Seattle - Sept. 19, 2001 - Attorney General Christine Gregoire today continued her campaign against Internet fraud by suing a web-based company that markets a work-at-home program considered to be an illegal pyramid scheme.
In a complaint filed in Kitsap County Superior Court, the AG's High-Tech Unit accused SJ Gabel, a Bremerton company, and its owners, Susan J. Gabel and Claudette Richardson, of violating the state's Chain Distribution Scheme Act and Consumer Protection Act.
"This Internet scheme victimizes the growing number of people in our state who are unemployed and looking for work," Gregoire said. "Like pyramid schemes everywhere, it promises needy people big money, but delivers nothing."
According to the lawsuit, SJ Gabel uses the Internet to market a home-based work program that promises clerical jobs, some of which pay as much as $1,000 a week.
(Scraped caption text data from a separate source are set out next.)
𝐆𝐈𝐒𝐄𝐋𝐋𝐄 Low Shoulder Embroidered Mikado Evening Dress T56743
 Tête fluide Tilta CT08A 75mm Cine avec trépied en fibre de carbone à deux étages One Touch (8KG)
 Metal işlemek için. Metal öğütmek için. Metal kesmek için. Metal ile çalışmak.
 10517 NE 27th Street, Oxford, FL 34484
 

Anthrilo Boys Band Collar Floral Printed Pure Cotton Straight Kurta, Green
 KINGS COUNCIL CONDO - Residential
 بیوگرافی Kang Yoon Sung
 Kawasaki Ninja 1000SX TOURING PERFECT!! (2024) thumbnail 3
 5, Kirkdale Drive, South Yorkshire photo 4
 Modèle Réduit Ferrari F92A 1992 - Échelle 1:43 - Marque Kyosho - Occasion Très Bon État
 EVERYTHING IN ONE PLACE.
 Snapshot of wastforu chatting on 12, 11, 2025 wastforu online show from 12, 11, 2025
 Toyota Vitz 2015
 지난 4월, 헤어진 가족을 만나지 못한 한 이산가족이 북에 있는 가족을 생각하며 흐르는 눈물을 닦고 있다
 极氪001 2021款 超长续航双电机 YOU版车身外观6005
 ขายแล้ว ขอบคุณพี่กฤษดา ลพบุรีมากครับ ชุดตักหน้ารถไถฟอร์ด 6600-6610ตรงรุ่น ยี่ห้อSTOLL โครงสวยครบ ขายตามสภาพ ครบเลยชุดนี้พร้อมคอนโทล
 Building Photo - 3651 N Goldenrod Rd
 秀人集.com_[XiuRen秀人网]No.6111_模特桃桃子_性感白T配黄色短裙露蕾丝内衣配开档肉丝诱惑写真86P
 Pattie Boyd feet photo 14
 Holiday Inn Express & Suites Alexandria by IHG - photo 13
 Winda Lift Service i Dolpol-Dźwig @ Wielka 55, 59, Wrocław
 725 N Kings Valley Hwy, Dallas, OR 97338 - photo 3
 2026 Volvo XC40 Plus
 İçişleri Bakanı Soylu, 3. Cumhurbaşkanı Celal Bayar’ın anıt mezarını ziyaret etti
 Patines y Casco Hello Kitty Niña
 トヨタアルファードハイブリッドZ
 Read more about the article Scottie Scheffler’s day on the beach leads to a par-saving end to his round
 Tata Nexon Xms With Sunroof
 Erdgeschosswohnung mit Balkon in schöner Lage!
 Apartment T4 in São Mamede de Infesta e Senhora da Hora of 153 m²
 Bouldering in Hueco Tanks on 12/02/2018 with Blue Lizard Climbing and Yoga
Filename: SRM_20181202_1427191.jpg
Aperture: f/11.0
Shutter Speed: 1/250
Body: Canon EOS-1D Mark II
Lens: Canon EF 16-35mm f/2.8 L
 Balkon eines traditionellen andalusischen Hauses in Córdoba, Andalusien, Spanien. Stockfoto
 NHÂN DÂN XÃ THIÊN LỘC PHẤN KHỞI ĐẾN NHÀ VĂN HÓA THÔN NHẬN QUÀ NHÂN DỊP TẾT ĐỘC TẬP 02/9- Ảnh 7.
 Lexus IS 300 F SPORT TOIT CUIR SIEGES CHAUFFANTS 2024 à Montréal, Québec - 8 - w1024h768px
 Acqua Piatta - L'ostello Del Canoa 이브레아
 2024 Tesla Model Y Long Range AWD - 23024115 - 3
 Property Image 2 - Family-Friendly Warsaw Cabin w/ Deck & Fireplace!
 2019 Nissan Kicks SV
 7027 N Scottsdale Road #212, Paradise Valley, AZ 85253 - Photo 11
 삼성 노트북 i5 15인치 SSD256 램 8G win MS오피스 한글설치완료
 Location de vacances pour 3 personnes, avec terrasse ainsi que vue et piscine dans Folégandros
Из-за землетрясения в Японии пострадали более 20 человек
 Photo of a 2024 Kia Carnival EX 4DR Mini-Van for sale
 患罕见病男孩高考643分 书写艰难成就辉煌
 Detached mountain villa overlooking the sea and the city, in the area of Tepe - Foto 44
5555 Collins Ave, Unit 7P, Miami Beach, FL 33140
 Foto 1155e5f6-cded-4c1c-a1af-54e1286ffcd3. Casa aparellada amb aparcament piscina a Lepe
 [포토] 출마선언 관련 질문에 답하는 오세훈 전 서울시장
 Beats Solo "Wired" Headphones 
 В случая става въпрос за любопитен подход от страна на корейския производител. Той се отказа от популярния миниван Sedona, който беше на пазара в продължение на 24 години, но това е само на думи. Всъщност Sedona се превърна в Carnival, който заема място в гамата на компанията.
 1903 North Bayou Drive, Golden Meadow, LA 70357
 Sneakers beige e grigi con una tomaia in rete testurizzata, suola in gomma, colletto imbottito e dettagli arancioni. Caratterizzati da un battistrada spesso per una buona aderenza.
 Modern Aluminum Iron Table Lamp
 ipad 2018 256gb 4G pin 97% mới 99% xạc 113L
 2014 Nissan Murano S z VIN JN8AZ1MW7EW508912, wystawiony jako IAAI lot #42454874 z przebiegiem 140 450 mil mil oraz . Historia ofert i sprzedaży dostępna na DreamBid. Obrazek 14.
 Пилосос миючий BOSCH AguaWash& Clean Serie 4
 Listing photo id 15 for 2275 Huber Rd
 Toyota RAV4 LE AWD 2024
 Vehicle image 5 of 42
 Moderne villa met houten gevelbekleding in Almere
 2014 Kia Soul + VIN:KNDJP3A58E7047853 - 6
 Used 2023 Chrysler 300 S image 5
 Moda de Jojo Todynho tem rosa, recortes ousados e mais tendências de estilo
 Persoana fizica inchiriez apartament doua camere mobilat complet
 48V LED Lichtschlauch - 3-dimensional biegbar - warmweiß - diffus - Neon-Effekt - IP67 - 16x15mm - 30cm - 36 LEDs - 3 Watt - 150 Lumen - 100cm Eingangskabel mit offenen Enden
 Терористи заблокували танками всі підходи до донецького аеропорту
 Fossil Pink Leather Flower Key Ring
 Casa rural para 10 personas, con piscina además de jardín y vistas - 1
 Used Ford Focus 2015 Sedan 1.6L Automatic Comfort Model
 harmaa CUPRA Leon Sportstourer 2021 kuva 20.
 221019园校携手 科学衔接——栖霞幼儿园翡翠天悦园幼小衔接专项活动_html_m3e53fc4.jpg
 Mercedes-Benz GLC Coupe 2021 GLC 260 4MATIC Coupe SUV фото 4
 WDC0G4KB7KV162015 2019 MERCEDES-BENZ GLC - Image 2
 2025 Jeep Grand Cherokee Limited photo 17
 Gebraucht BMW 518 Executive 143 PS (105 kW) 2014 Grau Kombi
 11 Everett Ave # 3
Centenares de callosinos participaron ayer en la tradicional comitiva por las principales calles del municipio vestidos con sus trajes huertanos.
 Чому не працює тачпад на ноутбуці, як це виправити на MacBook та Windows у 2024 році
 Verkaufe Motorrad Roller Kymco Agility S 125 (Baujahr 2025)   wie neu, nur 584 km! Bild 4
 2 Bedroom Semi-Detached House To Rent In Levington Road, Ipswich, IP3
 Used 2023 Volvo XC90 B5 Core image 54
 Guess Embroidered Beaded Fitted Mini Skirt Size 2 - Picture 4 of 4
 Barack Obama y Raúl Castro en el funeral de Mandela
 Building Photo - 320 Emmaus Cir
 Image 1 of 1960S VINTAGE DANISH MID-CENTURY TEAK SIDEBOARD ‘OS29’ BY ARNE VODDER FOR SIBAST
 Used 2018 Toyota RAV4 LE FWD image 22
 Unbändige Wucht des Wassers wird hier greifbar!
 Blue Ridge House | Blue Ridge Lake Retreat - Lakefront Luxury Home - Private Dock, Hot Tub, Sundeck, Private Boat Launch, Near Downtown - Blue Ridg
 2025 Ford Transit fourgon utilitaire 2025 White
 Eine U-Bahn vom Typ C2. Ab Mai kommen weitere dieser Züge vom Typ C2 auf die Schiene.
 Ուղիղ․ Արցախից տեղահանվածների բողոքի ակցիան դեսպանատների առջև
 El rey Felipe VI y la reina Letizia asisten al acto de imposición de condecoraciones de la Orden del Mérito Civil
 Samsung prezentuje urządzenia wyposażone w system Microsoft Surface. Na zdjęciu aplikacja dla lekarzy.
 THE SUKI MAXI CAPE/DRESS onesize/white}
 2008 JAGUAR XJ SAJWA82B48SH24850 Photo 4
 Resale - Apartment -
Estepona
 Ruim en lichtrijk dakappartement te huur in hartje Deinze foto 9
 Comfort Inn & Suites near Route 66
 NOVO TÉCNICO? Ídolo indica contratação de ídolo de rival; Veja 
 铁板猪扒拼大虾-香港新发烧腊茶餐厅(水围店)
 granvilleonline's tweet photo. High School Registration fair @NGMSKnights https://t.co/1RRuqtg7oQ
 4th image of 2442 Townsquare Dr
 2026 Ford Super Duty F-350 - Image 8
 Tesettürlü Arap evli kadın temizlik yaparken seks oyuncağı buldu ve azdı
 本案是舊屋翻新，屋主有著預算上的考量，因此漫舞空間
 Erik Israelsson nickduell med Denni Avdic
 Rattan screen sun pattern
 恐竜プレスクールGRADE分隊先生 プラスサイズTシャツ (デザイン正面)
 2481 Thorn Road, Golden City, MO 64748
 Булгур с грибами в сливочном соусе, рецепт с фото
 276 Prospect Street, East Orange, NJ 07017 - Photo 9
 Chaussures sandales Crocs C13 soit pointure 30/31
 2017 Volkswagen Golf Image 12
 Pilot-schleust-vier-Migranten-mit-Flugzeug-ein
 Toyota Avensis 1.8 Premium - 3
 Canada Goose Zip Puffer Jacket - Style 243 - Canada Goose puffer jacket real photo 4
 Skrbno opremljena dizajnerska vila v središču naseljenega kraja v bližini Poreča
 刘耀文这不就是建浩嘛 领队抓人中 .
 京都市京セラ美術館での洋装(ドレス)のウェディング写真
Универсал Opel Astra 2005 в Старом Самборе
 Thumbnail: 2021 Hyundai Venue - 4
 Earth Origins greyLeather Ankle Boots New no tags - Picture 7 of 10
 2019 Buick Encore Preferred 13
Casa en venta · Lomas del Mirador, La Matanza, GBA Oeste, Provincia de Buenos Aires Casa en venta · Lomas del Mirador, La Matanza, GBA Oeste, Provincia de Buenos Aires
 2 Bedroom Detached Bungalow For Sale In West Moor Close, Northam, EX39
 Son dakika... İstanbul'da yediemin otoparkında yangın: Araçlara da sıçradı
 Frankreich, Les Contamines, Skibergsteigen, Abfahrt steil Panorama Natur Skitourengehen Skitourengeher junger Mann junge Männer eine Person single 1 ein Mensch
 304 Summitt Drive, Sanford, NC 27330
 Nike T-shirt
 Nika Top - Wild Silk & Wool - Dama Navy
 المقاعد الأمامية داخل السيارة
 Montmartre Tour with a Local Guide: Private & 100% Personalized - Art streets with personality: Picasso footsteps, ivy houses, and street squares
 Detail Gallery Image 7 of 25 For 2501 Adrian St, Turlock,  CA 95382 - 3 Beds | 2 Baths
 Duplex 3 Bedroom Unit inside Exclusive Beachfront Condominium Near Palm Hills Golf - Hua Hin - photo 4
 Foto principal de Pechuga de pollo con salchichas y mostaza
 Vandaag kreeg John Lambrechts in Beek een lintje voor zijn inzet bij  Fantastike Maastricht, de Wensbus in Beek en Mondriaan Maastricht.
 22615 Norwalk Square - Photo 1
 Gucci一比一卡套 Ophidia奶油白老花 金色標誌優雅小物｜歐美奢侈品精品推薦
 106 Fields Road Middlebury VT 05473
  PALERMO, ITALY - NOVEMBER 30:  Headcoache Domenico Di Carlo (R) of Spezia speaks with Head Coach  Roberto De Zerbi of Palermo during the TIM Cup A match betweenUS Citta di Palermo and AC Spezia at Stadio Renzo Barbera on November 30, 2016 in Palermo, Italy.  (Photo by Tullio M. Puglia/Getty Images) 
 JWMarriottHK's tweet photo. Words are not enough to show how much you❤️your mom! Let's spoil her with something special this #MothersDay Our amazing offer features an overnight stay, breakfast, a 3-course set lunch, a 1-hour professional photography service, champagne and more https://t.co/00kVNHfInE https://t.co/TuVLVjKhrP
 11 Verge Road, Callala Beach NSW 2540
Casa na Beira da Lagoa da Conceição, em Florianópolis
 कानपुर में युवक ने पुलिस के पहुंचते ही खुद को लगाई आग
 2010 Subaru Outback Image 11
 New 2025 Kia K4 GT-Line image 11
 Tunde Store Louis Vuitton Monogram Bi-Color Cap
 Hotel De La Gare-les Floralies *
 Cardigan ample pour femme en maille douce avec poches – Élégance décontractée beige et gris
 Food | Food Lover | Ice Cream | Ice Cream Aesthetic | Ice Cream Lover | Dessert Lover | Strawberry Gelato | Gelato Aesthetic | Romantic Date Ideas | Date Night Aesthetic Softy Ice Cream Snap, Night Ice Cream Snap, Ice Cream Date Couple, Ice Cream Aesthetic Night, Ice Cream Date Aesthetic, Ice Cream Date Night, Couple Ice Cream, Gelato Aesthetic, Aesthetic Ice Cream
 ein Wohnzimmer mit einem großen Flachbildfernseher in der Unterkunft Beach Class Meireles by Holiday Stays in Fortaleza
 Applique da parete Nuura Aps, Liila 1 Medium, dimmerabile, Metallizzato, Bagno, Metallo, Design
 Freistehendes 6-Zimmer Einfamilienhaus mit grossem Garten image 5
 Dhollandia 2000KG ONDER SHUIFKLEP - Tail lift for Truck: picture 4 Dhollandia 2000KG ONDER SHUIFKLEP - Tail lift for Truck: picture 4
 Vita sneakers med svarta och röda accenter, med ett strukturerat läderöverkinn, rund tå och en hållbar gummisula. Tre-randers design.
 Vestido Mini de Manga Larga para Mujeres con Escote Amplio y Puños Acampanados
To qualify, however, consumers must pay $14.95.
Instead of offering these positions, consumers receive materials containing instructions how to earn a $3 commission for each new participant the consumer enrolls in the program.
SJ Gabel, attorneys contend, also offers a "Telecommuting Jobs Directory" that purportedly contains "hundreds of available telecommuting positions." However, none of the companies listed offer home-based telecommuting positions of any kind, the complaint alleges.
"This case unfortunately proves once again how easy it is for some people to use the Internet to illegally enrich themselves at the expense of others," Gregoire said
Attorneys say consumers who complained about the program received e-mails that contained veiled threats of legal action or described their complaints as "unprofessional tactics" that could be shared with prospective employers.
So far, the Attorney General's Consumer Protection Division has received at least 26 complaints about the firm. The AG's complaint seeks unspecified civil penalties and restitution to those who were harmed in the scheme.